L’ENGAGEMENT EUROPÉEN DE L’ALLEMAGNE : DES CRAINTES JUSTIFIÉES ?
Ces derniers mois on a vu refleurir dans la presse française des doutes sur le sérieux de l’engagement de l’Allemagne au sein de l’Europe. Ces soupçons ont été renforcés par l’attitude de nos voisins d’outre-Rhin lors du vote à l’ONU concernant le soutien de l’OTAN aux populations civiles de Libye. On a aussi entendu des voix discordantes à propos de l’aide à apporter à une Grèce dont la défaillance éventuelle pourrait menacer la zone euro dans son ensemble. Et enfin, bien que la présente liste ne soit pas exhaustive, il y a l’abandon soudain et unilatéral du nucléaire (que les Allemands appellent Ausstieg aus der Kernenergie sans la moindre concertation avec la France…
Qu’en est-il au juste ? Ces craintes ou ces simples soupçons sont-ils justifiés ? En ma qualité d’observateur de ce qui se passe outre-Rhin, je ne le crois pas. IL y a surtout deux approches, deux attitudes différentes face aux problèmes qui se posent au sein de l’Union Européenne et aussi la disparité des moyens pour y faire face.

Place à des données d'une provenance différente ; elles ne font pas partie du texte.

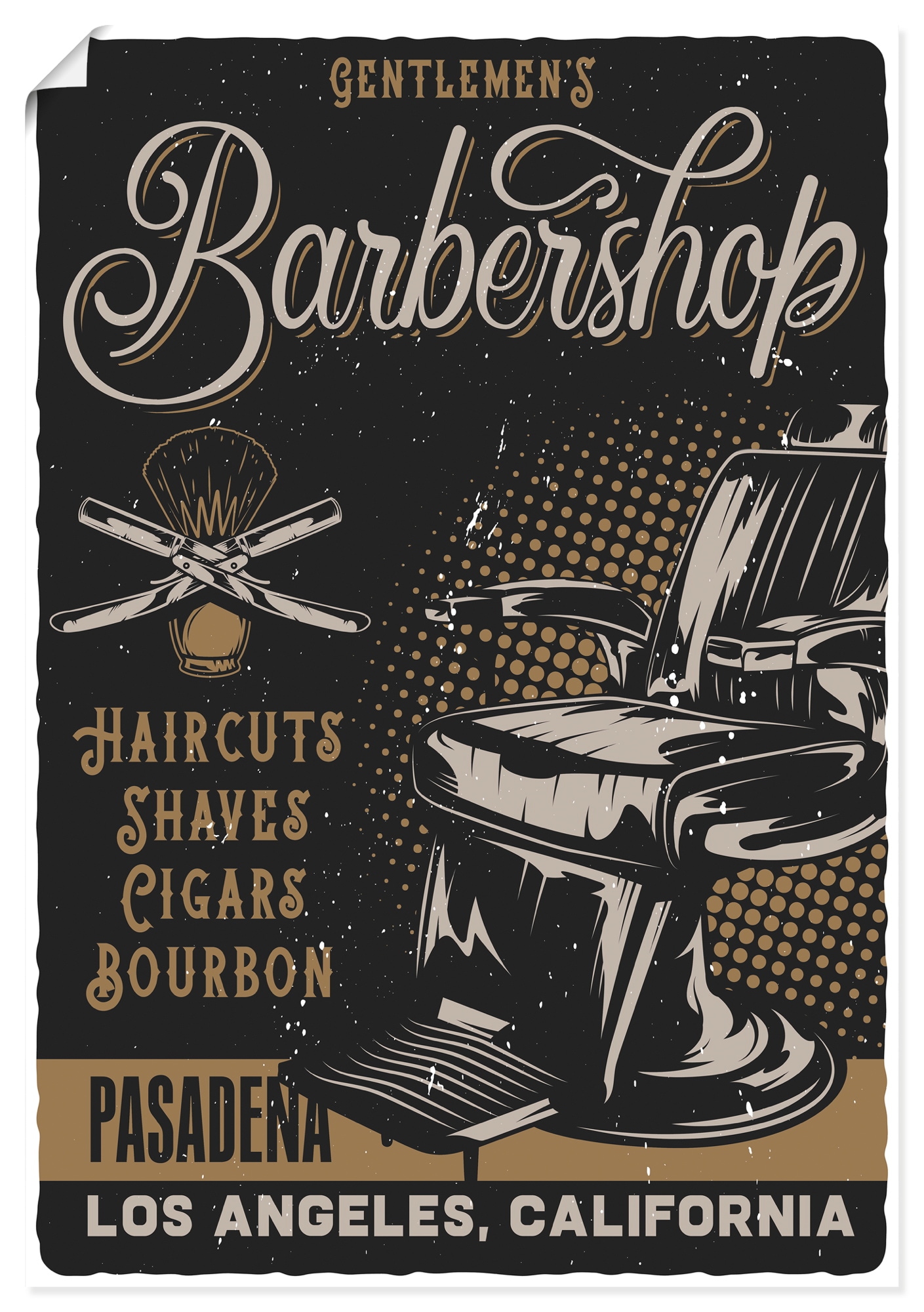 Artland Wandbild "Barbershop Plakat" 1 Stk. tlg. als Alubild, Leinwandbild, Poster, Wandaufkleber in verschied. Größen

Ceux qui adoptent une attitude plus soupçonneuse à l’égard de l’Allemagne ignorent en fait la spécificité de sa culture et la nature des valeurs que ce pays, si différent du nôtre, met en avant : le travail, la discipline, le respect des règles, bref le rejet de tout laisser-aller, de toute nonchalance. Est-ce un défaut ? Nullement.
Mais les commentateurs se souviennent des hésitations, certes anciennes et aujourd’hui absolument surmontées de l’Allemagne qui, jadis, mettait en avant la fameuse Ostpolitik et une sorte de Sonderweg (voie spéciale, particulière) pour dire que l’intérêt bien compris de la patrie de Goethe et de Schiller n’était pas nécessairement dans une Union européenne réduite. Il est indéniable que l’Allemagne a, depuis toujours, en Europe centrale et orientale, des intérêts économiques et politiques, voire culturels, dont aucun autre pays européen ne peut se prévaloir. Le génie de la diplomatie allemande a consisté à favoriser l’entrée de tous ces pays dans l’UE. Lors de son passage à Paris aux côtés de l’ancien Ministre-Président Stoiber, le Dr Walter Schön, secrétaire général du gouvernement bavarois, m’avait confié que des Etats comme la France et la RFA pouvaient réaliser tous leurs projets à travers l’Europe. La remarque, non dénuée d’arrière-pensées sur un certain «vibrionnisme» parisien jugé un peu agaçant outre-Rhin, était bien vue…
Si l’on appréhende la situation de l’UE du côté allemand, on peut comprendre les réticences allemandes à payer pour les autres et notamment les pays (PIGS : Portugal, Italien, Griechenland, Spanien) que la chancelière est un peu sévèrement qualifié de pays du Club-Med… alors qu’elle passe elle-même ses vacances en Italie. Jadis, un dirigeant du parti libéral, le comte Lambsdorf (si je ne me trompe) avait dressé une comparaison peu flatteuse pour les Européens du sud, comparant les Italiens à des cueilleurs d’olives et les Allemands à des ingénieurs… C’est, certes, vrai mais il ne fallait pas le dire !
En conclusion, l’Allemagne se refuse à devenir le banquier d’une Europe surendettée, une sorte de FMI, à elle seule, du monde civilisé… L’Allemagne avait pourtant donné l’exemple, même sous un gouvernement socialiste de Gerhard Schröder, en mettant de l’ordre dans les comptes de la nation. Et on sait ce que veut dire l’expression allemande Ordnung schaffen…
Un exemple qui ne fut pas suivi par les autres nations européennes que nous sommes. D’où la situation actuelle.